- _Supplied records_
....

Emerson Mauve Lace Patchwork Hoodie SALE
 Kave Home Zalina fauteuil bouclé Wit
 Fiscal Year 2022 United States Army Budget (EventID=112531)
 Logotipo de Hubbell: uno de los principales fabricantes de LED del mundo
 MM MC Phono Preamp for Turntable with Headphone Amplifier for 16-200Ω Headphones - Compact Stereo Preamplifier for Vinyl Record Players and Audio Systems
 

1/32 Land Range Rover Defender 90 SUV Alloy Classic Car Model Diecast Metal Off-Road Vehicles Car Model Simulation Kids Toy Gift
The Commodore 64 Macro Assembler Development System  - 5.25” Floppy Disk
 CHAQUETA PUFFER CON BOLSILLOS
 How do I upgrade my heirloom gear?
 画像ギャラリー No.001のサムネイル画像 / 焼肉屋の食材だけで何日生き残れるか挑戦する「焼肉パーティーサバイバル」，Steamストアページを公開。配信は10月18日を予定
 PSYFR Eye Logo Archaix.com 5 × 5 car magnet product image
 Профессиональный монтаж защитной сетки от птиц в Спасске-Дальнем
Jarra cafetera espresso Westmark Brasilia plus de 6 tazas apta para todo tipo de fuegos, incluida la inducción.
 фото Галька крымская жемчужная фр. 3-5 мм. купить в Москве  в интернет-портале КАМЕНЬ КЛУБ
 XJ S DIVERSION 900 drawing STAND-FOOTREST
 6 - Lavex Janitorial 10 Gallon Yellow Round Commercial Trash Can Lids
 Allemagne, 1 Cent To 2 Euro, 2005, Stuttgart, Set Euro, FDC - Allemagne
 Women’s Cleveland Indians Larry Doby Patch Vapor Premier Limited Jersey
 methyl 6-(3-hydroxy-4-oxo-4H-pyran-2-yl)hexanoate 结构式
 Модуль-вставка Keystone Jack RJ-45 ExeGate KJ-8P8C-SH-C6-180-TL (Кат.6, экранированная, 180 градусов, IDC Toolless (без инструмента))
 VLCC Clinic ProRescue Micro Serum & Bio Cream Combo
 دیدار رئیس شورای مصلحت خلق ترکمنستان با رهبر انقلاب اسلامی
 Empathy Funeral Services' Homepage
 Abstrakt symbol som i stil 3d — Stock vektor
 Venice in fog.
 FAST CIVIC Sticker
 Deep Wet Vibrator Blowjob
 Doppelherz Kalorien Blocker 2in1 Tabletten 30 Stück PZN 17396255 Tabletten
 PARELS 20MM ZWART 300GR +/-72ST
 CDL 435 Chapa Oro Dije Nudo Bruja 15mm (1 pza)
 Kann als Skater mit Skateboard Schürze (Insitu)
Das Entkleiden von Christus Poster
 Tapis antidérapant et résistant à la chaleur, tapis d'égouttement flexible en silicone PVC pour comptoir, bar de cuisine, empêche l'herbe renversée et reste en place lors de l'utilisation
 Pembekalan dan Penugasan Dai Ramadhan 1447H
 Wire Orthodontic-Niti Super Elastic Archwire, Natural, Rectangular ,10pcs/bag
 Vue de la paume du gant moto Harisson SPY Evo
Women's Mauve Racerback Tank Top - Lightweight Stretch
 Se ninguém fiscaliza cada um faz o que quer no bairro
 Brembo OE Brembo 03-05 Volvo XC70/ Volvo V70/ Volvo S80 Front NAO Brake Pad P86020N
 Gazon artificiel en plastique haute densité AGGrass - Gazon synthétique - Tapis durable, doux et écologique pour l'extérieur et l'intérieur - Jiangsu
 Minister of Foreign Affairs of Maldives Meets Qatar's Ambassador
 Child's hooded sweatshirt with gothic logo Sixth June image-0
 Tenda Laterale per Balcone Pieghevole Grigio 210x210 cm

....

- _What to produce_
Take each line above that holds the string "Mauve" and copy it.

- _Exercise output_
Emerson Mauve Lace Patchwork Hoodie SALE
Women's Mauve Racerback Tank Top - Lightweight Stretch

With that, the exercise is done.